LES MOTIFS SUR LES QUESTIONS PRÉLIMINAIRES
[42] Sur la requête préliminaire en irrecevabilité pour chose jugée, la Commission des lésions professionnelles considère que celle-ci doit être rejetée.
[43] D’une part, pour qu’il y ait chose jugée, il doit y avoir, outre l’identité des parties, identité d’objet et identité de cause. Or, la chose demandée n’est pas la même dans le présent litige puisqu’elle vise la suspension des indemnités de remplacement du revenu en vertu de l’article 142 de la loi alors que le litige dans le dossier entendu en février 2001 concerne l’atteinte permanente, l’indemnité pour dommages corporels et la question d’un emploi convenable. La requête en révision concernait la détermination ou non d’un fait nouveau qui aurait pour effet de modifier l’atteinte permanente. Même si la Commission des lésions professionnelles avait conclu qu’il ne s’agissait pas d’un fait nouveau justifiant la révocation de la décision concernant l’atteinte permanente, cette preuve pouvait néanmoins permettre à la CSST d’utiliser son pouvoir en vertu de l’article 142 de la loi, si elle démontrait l’un des manquements énoncés à cet article. La Commission des lésions professionnelles considère donc que le recours en litige est totalement différent de ceux intentés précédemment.
[44] D’autre part, il faut distinguer entre l’objet d’une contestation et la preuve que l’on entend soumettre pour faire établir le bien fondé d’une contestation. Considérant que la dénonciation est survenue après la décision de mars 2001 et que la CSST n’a jamais été entendue sur la question à débattre, la Commission des lésions professionnelles se considère compétente pour entendre le litige et rejette les arguments soumis par le procureur du travailleur quant à la tardivité du moyen pris par la CSST.

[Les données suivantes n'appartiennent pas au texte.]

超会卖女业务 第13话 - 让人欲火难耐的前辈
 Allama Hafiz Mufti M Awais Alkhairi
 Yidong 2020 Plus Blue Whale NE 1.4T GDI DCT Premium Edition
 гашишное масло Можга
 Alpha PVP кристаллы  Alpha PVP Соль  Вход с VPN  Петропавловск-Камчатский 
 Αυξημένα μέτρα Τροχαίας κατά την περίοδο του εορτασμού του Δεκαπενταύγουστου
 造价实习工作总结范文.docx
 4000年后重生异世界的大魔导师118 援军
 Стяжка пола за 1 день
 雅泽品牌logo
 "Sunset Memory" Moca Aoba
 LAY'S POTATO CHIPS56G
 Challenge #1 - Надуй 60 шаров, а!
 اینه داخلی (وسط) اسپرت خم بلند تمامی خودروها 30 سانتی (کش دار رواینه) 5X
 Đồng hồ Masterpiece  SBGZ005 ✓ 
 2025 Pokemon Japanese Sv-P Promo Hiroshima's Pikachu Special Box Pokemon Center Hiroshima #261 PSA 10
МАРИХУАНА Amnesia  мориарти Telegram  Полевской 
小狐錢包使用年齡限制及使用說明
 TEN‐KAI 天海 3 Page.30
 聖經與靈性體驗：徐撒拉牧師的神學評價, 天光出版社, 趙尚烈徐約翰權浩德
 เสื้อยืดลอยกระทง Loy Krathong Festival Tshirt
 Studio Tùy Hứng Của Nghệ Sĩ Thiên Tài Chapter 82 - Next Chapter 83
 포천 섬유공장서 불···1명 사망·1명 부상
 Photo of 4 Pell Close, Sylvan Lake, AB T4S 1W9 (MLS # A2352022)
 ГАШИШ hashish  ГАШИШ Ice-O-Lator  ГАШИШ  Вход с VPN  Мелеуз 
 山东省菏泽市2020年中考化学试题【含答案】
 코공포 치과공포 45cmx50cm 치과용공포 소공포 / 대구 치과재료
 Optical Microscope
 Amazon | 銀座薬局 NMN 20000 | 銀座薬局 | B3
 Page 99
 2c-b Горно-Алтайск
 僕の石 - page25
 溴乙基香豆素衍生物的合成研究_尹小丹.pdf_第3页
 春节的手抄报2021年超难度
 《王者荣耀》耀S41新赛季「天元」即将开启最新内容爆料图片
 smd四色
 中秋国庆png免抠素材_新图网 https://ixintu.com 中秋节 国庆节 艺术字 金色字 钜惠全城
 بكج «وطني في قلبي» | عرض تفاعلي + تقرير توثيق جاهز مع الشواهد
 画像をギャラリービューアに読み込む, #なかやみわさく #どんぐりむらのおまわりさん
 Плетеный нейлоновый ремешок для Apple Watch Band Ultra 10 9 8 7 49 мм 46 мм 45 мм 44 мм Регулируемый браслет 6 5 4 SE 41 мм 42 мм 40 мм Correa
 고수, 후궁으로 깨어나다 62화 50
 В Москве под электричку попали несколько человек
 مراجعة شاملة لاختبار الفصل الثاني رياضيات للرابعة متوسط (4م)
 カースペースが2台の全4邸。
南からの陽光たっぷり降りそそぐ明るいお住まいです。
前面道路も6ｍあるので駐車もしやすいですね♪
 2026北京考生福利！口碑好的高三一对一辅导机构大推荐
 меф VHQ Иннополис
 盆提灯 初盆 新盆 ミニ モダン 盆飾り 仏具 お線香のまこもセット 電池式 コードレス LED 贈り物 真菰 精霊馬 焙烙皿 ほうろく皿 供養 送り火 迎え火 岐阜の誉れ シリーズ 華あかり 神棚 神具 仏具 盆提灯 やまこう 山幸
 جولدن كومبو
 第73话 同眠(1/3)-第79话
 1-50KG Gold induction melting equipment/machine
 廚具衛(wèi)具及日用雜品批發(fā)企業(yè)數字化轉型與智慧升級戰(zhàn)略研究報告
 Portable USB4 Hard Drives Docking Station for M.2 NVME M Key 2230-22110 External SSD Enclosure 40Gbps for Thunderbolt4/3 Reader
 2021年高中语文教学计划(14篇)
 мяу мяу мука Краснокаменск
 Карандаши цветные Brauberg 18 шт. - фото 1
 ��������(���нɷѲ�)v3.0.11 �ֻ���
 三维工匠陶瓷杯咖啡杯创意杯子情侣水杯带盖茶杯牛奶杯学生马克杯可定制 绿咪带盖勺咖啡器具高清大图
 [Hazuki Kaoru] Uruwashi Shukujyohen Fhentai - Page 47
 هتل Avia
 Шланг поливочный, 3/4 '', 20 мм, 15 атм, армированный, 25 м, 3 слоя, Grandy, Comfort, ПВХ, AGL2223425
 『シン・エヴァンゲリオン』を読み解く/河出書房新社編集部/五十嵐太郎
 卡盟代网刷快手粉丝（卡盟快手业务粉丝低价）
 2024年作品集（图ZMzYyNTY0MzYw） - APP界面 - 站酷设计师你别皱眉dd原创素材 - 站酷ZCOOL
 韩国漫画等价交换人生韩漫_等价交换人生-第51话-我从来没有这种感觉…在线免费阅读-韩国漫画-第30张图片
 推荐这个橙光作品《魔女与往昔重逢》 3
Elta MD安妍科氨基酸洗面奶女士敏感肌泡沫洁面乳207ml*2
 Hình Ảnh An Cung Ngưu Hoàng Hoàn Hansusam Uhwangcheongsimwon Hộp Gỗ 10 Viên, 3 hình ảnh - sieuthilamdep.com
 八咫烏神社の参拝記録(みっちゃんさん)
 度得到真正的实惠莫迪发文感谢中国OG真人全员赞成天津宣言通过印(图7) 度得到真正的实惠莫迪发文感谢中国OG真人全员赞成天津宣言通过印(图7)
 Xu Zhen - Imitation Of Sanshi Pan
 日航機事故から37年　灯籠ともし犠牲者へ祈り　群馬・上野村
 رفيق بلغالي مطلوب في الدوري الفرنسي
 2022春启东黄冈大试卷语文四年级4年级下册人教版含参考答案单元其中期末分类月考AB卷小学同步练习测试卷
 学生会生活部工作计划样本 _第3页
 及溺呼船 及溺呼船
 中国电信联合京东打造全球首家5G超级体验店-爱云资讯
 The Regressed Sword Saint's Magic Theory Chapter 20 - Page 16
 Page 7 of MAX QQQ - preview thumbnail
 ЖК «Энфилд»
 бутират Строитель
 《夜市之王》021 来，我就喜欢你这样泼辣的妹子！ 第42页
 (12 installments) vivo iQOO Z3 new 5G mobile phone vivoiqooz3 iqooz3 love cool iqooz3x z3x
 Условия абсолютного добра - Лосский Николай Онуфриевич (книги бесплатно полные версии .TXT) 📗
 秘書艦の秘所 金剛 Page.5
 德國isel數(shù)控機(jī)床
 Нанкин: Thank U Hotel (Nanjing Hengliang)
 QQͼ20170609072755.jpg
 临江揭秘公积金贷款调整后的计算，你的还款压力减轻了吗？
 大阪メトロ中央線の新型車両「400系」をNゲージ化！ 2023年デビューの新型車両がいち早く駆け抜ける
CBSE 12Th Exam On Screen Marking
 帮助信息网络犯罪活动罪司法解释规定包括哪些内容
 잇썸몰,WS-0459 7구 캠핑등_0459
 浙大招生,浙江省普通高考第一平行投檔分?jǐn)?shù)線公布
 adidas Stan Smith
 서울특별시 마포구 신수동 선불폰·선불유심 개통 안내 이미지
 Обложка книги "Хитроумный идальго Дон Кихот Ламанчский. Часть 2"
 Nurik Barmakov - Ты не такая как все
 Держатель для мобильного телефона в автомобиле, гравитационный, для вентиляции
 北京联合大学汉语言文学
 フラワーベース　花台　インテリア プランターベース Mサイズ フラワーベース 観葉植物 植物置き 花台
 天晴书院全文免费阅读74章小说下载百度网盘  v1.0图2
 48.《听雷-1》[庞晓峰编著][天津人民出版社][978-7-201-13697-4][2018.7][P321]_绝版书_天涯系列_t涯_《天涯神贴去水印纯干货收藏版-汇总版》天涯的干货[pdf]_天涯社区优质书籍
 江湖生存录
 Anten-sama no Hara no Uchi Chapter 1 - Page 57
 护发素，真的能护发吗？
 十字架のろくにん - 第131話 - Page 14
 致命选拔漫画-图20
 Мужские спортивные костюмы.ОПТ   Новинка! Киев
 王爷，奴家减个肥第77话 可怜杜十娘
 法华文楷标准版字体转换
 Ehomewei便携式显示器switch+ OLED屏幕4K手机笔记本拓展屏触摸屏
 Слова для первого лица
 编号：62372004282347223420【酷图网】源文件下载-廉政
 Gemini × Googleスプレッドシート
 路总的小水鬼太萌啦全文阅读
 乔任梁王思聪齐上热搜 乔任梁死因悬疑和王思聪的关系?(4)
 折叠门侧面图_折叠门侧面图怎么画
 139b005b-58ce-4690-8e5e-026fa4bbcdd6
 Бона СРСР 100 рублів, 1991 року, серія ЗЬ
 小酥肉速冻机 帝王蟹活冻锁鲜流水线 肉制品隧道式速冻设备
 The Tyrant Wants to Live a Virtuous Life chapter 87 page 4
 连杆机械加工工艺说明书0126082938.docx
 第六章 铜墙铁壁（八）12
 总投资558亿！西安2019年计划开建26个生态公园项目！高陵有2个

[45] Concernant les objections soulevées dans la contestation du travailleur sur la preuve obtenue illégalement par bande vidéo et l’objection des cassettes originales sans montage, la Commission des lésions professionnelles prend note que le travailleur a retiré son objection quant à l’obtention des bandes originales et rejette les autres objections quant à la question de l’illégalité. Il y a lieu de rappeler les principes directeurs en matière de recevabilité de preuve eu égard à l’obtention illégale de bande vidéo ou contraire aux droits fondamentaux.
[46] Le droit à la vie privée est prévu à l’article 5 de la Charte des droits et libertés de la personne[3] (la Charte) ainsi qu’aux articles 3 et 35 du Code civil du Québec[4] (le Code civil). L’article 2858 du Code civil impose au tribunal de rejeter tout élément de preuve obtenu dans des conditions qui portent atteinte aux droits et libertés fondamentaux et dont l’utilisation est susceptible de déconsidérer l’administration de la justice. Sont des atteintes à la vie privée selon l’article 36 du Code civil, le fait de capter ou d’utiliser l’image ou la voix lorsqu’elle se trouve dans des lieux privés et le fait de surveiller la vie privée par quelque moyen que ce soit.
[47] Ainsi, la surveillance et la filature d’une personne peuvent constituer une atteinte à sa vie privée selon les circonstances. La jurisprudence retient qu’au préalable la surveillance doit être justifiée par des motifs rationnels, qui existent avant d’entreprendre la procédure de surveillance. Il faut aussi que la conduite de cette surveillance soit faite par des moyens raisonnables[5] et que les moyens utilisés ne soient pas abusifs ni ne portent atteinte à la dignité de la personne.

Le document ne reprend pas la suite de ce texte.